### Work required
Please restate the data below word for word, omitting all images.

BEGIN Supplied data

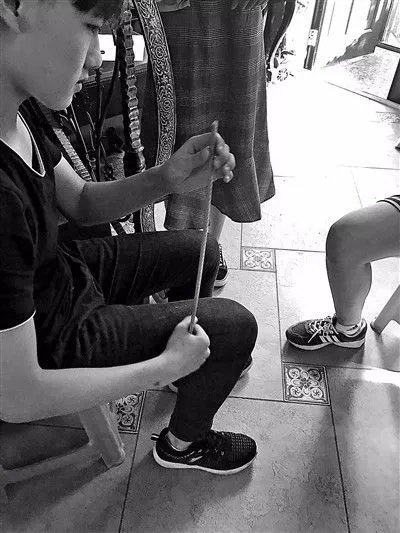 25万才能上,这所大学究竟在上什么课?|觉醒|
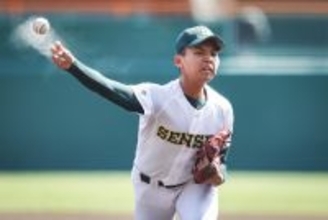 門倉の力投　高校野球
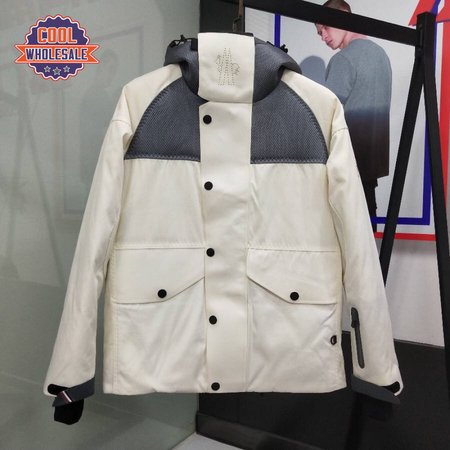 Moncler Down Jacket MC330185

END Supplied data

### Task response
 25万才能上,这所大学究竟在上什么课?|觉醒|
 門倉の力投　高校野球
 Moncler Down Jacket MC330185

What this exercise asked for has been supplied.